CNPC has announced that it needs time to scrutinize the documents most of which were drawn up based on Total's financial and technological capacities.
"NIOC is waiting for the CNPC decision on whether it will take over Total's stake in the venture worth at least $4 billion," he said, adding that there has been no change in agreement to develop the gas field off the Persian Gulf.
Kardor asserted that the French company's exit comes in the wake of new US sanctions that are forcing international firms to reconsider their deals with Tehran.
Iran has the world's largest proven offshore natural gas resources.
Operating the project with a 50.1% stake, Total was partnered by China's CNPC (30%) and Iran's Petropars (19.9%).

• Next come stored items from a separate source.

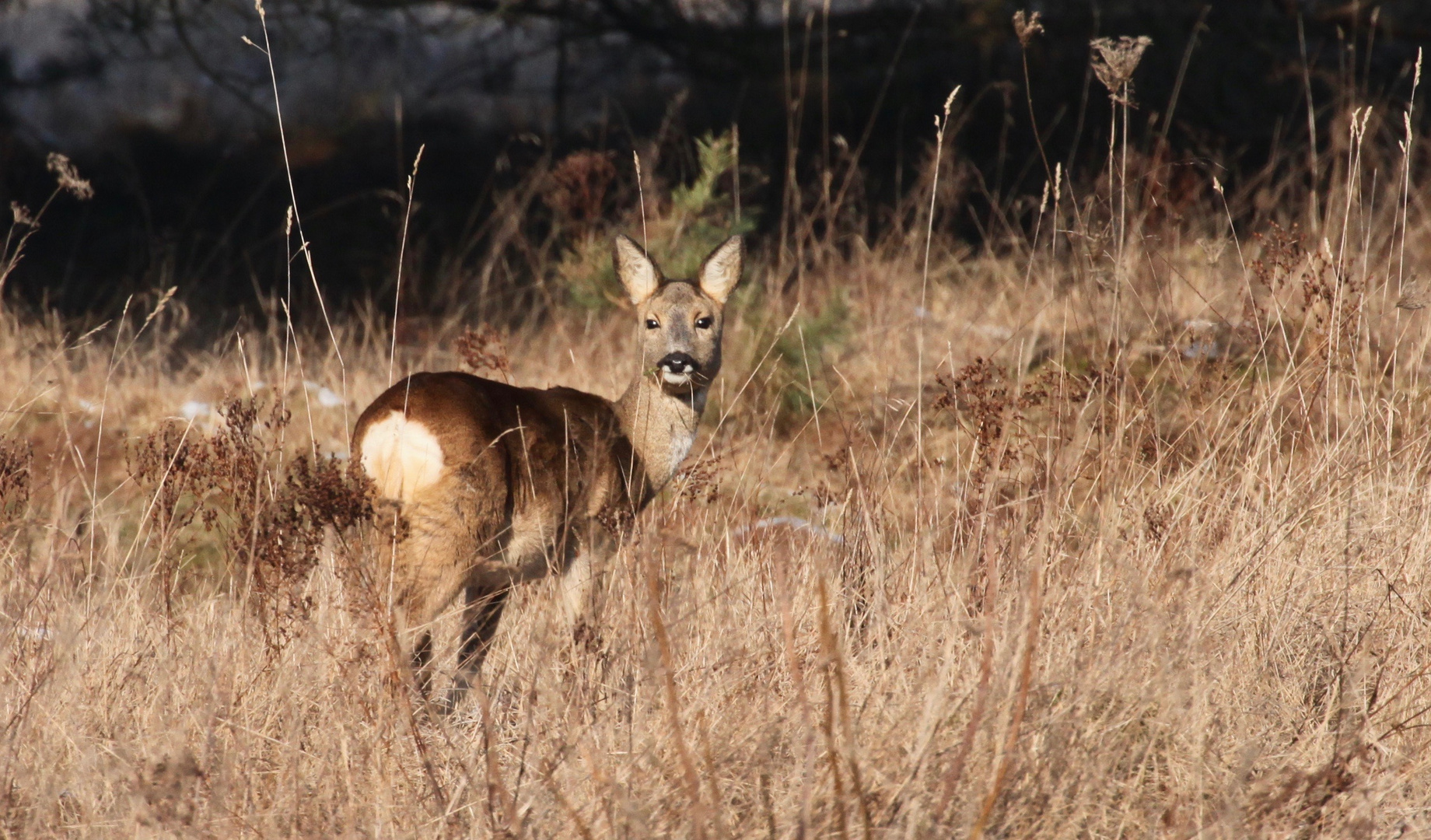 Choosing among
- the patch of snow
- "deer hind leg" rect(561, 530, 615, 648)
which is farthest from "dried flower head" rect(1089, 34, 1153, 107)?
the patch of snow

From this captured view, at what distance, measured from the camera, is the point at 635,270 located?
4.38 m

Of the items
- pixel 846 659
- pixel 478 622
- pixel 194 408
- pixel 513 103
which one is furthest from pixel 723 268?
pixel 513 103

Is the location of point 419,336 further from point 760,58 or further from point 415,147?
point 415,147

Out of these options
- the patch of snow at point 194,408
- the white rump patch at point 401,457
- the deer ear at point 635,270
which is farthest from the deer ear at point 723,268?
the patch of snow at point 194,408

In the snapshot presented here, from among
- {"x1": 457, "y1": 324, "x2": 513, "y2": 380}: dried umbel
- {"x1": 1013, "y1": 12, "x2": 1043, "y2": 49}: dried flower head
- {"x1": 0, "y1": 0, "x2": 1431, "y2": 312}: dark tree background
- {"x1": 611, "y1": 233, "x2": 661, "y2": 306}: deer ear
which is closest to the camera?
{"x1": 1013, "y1": 12, "x2": 1043, "y2": 49}: dried flower head

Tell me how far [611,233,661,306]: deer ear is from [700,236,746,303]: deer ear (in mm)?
181

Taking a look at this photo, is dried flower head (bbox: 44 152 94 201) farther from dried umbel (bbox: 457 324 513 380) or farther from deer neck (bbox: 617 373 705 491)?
deer neck (bbox: 617 373 705 491)

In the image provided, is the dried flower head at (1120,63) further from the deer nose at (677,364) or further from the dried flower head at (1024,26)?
the deer nose at (677,364)

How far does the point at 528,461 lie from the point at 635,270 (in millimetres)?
1064

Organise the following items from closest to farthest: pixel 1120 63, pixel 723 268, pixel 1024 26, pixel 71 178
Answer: pixel 1120 63, pixel 1024 26, pixel 71 178, pixel 723 268

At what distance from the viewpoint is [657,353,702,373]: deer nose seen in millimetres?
3953

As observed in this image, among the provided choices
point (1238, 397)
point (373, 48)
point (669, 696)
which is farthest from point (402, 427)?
point (373, 48)

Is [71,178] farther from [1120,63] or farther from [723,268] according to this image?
[1120,63]

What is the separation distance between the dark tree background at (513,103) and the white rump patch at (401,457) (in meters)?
5.03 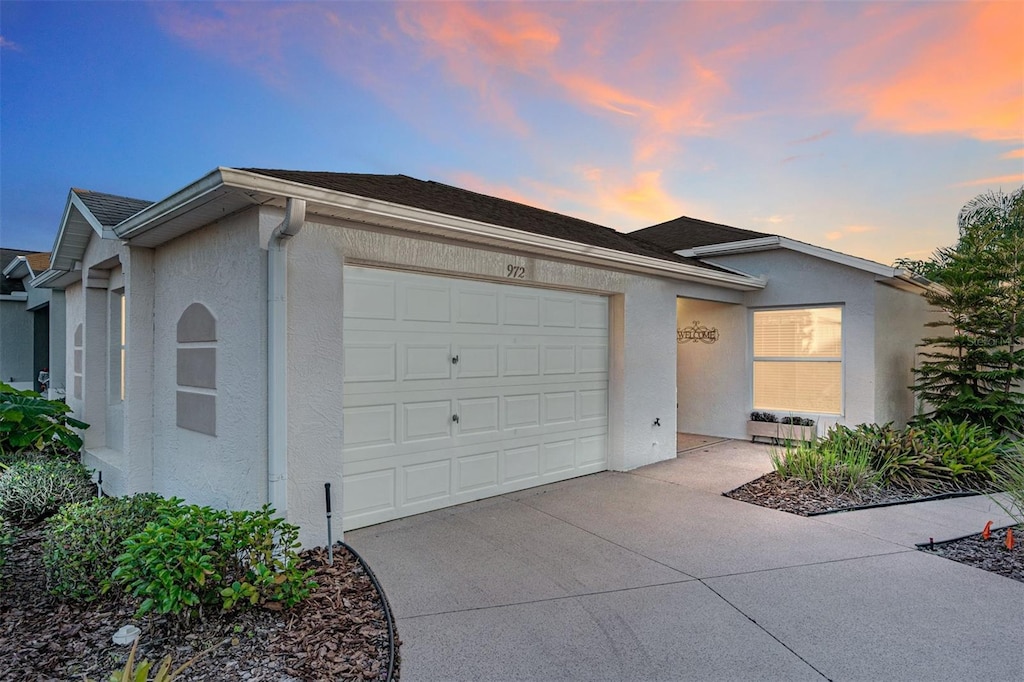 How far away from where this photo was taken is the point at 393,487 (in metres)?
4.99

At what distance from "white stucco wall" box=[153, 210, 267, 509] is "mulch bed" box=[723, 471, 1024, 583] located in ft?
16.7

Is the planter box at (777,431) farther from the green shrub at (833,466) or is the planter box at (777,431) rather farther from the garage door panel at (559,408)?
the garage door panel at (559,408)

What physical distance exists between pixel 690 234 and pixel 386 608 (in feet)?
34.9

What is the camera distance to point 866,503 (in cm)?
557

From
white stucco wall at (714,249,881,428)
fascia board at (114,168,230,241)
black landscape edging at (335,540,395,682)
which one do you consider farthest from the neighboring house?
white stucco wall at (714,249,881,428)

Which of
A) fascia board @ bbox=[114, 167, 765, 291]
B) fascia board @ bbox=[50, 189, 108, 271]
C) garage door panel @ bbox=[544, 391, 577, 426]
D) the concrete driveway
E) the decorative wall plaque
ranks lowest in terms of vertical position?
the concrete driveway

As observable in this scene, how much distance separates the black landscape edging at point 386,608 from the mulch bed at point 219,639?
35 millimetres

The three sides signed a $4.8-billion deal last July and Total became the first major western energy company to invest in the oil sector after sanctions over Iran’s nuclear energy program were lifted in 2016.
Kardor said NIOC has not been informed of an official CNPC position, but note that the Chinese giant not only has a legal right but also the technological capability to take over the project.
Total was expected to use its know-how to install 20,000-ton platforms and light compressors in South Pars. CNPC still lacks such advanced technology.
The largest offshore gas platform in South Pars weighs about 3,000 tons.
CNPC has been active in Iran since 2004 offering oil, gas and oil-field services, according to the company’s website. In 2006, it was awarded a three-year contract to provide offshore well-logging and other services in South Pars.